%%

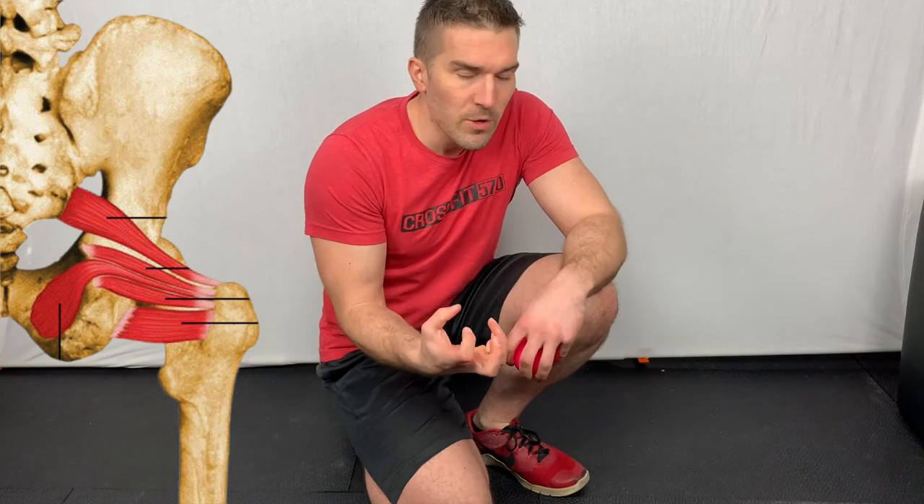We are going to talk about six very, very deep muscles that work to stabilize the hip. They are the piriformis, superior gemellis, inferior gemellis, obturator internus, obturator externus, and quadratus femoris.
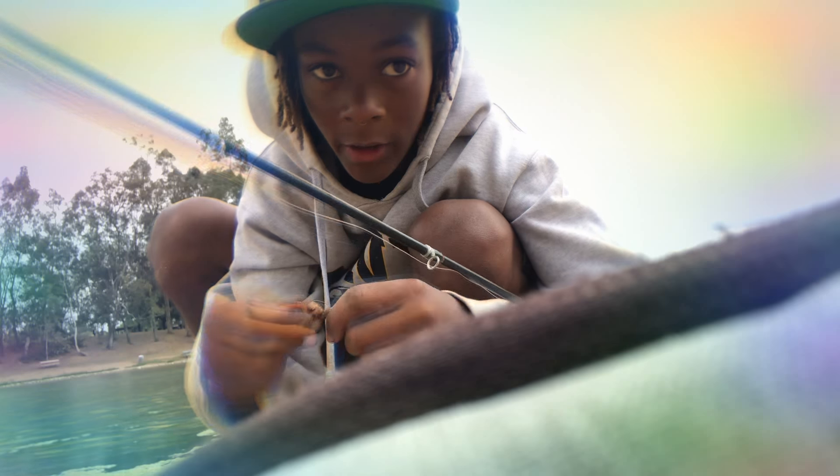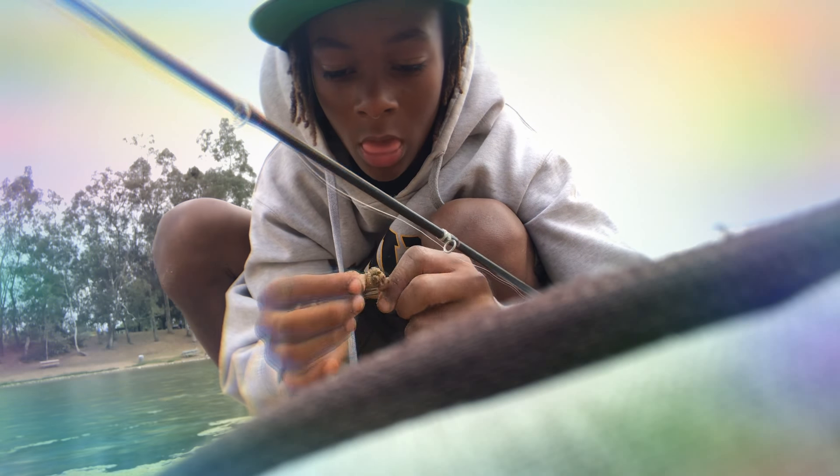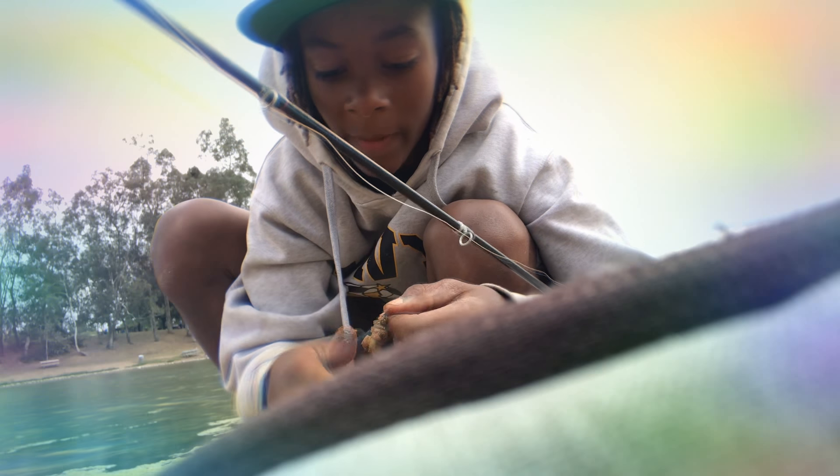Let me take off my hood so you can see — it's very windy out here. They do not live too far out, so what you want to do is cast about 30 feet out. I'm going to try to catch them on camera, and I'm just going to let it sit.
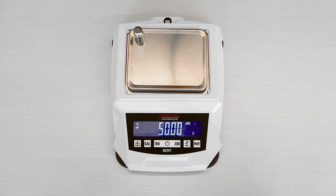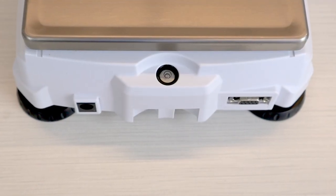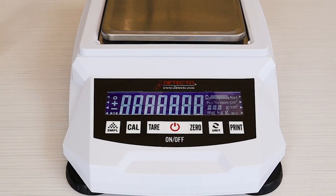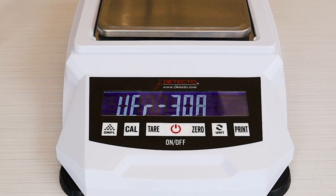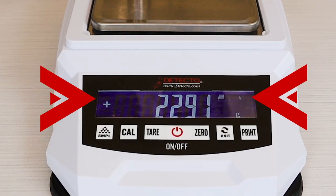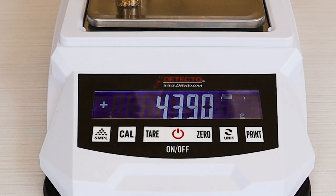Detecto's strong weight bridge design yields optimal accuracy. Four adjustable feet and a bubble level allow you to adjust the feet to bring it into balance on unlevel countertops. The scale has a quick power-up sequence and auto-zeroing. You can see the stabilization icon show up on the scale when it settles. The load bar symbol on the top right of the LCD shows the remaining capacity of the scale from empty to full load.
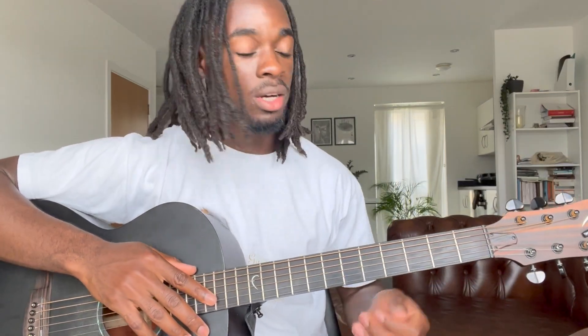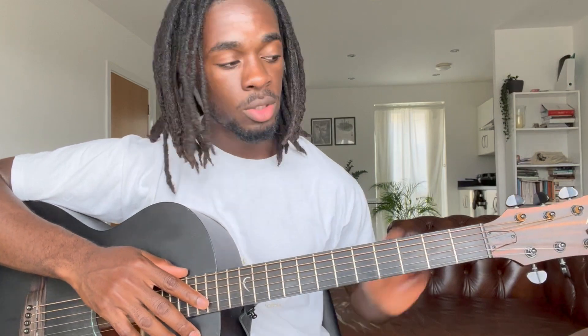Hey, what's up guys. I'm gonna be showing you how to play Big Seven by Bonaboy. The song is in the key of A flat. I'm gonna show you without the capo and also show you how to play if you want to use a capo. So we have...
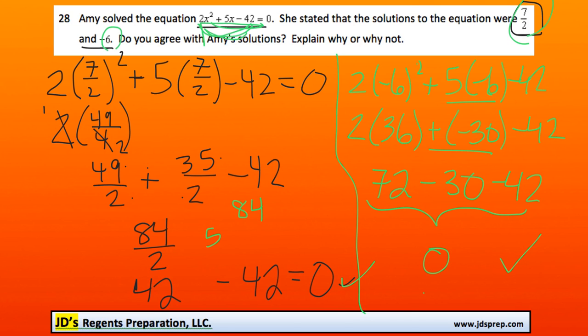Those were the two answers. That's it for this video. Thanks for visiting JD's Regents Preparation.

%%

§ **ACTIVITY**:
Exactly the lines from the top of the listing through the line holding "Let me take" should be repeated, with pictures left out.

§ **ANSWER BOX**:
We are going to talk about six very, very deep muscles that work to stabilize the hip. They are the piriformis, superior gemellis, inferior gemellis, obturator internus, obturator externus, and quadratus femoris.
Let me take off my hood so you can see — it's very windy out here. They do not live too far out, so what you want to do is cast about 30 feet out. I'm going to try to catch them on camera, and I'm just going to let it sit.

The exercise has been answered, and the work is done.